First, an object of study: “Early One Summer” by W. S. Merwin (from Migration)

Years from now
someone will come upon a layer of birds
and not know what he is listening for

these are the days
when the beetles hurry through dry grass
hiding pieces of light they have stolen

As I said before, the main problem is that we're all used to adopting a certain vantage point as we read: one that reveals to us semantic meaning, implication, and degrees of accuracy.

The thing about adopting a new vantage point, no matter what it is, is that you usually have to un-stick yourself from the old one first. So we'll start with that.

I once did a photo study of a slide in which I took many pictures while slowly circling the object. Once I'd photographed the slide from many angles, my object of study seemed less like a "slide", and more like an abundant source of diverse phenomenological affordances. A fountain of experience. Ways to conceive of the object seemed endless, and "slide" felt like such a brusque summary as to be slightly offensive.

I hope to lead you through a similar tour around this poem.
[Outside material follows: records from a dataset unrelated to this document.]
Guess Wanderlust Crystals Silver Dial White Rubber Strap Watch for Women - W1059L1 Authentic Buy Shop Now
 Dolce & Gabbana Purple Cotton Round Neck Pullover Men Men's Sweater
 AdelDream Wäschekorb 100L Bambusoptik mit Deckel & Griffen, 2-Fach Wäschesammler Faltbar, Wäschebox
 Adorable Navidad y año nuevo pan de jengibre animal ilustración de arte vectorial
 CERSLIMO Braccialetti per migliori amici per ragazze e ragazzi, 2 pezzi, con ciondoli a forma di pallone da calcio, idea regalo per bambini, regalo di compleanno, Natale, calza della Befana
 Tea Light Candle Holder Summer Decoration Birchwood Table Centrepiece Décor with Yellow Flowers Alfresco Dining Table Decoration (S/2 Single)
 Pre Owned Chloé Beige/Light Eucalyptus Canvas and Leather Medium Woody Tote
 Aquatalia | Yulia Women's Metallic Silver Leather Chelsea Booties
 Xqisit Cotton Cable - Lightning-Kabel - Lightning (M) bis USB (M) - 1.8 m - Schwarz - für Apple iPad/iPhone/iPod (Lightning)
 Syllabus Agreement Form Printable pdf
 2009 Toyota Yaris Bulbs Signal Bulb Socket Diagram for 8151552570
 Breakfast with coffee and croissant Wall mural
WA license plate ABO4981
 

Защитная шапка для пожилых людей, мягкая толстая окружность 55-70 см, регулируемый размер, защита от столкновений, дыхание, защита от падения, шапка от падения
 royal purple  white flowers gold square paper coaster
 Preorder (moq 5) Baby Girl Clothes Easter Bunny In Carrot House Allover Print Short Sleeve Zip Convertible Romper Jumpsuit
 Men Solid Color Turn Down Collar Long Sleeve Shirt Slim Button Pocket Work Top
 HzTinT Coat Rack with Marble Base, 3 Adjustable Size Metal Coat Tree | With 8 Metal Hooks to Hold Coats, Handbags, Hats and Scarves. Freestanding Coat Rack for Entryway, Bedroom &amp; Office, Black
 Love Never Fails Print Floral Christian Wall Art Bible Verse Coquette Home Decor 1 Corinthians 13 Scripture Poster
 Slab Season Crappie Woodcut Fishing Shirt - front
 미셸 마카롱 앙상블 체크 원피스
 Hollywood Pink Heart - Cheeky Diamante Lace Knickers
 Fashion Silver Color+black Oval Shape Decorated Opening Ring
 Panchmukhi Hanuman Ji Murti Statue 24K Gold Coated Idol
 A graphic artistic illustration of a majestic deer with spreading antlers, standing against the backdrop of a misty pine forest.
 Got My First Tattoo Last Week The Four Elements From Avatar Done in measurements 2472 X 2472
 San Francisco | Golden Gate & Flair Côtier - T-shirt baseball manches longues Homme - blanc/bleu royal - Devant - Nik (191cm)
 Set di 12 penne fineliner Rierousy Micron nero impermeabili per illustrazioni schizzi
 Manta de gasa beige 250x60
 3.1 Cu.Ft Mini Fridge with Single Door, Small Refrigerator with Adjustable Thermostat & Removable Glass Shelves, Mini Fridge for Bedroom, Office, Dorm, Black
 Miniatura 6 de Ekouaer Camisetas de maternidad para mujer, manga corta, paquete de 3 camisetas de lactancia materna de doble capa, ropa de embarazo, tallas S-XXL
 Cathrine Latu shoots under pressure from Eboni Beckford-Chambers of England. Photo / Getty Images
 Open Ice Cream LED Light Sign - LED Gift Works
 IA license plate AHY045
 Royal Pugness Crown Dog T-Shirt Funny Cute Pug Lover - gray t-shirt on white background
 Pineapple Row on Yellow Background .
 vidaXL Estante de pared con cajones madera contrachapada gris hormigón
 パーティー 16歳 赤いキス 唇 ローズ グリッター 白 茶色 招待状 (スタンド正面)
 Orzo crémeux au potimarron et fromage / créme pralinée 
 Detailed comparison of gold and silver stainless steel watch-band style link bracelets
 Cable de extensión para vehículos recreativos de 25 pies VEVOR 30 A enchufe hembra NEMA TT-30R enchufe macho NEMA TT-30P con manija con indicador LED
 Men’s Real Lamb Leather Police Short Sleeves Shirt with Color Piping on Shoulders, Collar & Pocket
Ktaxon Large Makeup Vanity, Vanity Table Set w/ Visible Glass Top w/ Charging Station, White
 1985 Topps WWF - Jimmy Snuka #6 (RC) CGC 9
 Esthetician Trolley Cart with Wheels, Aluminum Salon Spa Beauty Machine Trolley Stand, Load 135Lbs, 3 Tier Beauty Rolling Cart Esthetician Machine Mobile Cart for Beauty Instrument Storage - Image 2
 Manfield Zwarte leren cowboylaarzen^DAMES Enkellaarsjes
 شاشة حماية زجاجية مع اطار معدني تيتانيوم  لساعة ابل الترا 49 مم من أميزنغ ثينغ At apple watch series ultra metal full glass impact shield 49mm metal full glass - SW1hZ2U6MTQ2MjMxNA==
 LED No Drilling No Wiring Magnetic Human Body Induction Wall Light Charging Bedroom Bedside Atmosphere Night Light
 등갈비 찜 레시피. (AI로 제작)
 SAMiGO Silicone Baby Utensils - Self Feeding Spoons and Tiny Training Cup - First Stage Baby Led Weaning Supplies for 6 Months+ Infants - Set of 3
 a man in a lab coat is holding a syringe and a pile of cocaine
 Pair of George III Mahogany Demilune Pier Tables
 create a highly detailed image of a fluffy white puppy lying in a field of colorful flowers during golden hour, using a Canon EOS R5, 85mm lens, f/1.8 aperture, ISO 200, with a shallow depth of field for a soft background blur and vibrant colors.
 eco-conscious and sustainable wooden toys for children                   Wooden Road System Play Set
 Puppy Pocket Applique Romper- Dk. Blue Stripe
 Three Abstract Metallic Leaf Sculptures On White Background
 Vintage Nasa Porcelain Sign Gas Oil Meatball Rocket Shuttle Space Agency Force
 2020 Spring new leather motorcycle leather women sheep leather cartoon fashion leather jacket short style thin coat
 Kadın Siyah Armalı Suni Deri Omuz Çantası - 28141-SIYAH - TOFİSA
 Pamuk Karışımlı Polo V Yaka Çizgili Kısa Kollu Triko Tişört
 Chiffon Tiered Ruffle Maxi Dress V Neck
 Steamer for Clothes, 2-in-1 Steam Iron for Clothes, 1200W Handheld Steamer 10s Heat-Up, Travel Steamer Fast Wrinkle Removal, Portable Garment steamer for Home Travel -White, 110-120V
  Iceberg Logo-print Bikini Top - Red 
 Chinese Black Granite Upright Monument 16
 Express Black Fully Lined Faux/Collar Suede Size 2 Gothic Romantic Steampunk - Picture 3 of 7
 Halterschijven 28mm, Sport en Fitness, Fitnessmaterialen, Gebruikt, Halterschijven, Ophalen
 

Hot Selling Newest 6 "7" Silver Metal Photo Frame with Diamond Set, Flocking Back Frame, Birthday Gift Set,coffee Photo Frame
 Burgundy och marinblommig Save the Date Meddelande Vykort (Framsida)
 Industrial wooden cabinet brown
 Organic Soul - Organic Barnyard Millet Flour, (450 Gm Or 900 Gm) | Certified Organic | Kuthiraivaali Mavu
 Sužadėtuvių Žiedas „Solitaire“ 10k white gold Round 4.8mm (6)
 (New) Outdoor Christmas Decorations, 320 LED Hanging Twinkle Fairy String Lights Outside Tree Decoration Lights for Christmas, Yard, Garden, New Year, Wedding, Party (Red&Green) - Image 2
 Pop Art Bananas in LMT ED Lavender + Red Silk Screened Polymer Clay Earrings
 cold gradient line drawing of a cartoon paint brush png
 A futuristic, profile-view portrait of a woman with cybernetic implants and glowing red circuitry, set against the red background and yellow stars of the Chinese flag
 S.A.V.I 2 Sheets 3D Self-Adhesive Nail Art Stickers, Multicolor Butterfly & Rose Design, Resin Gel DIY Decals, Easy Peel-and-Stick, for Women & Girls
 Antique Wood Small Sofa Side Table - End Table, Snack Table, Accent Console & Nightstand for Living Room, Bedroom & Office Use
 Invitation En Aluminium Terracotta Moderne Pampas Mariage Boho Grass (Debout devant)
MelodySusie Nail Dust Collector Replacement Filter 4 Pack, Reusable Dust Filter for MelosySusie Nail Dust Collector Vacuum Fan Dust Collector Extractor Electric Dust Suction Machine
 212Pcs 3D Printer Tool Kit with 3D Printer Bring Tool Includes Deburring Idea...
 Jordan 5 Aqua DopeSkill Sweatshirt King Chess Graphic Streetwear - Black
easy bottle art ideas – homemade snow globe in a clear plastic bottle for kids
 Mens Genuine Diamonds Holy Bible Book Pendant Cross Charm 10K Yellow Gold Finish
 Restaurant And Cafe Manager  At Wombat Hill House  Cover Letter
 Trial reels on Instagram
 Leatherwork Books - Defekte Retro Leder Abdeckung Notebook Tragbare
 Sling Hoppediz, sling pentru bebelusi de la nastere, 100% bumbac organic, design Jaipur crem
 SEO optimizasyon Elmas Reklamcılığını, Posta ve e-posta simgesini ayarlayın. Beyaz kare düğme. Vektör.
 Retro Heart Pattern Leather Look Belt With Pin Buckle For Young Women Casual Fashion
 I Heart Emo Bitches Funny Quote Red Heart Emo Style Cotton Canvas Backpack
I will demonstrate with the first stanza, taking it line by line, and you can try the second.

Exercise 1: Taking A Tour

1. If it were a boat, what sort of boat would it be?

Years from now: A very tall, thin boat that's out in search of the edge of the Earth.

someone will come upon a layer of birds: A dusty boat marooned in the middle of a desert, half-buried in sand.

and not know what he is listening for: A phantom ship with torn black sails emerging from the mist.

Your lines:

these are the days
when the beetles hurry through dry grass
hiding pieces of light they have stolen

2. If it compelled a certain body movement, what sort of body movement would it cause?

Years from now: A big sweeping motion of one arm, all the way down to the floor and back up again.

someone will come upon a layer of birds: Tapping fingers, like at a keyboard or drumming on a table.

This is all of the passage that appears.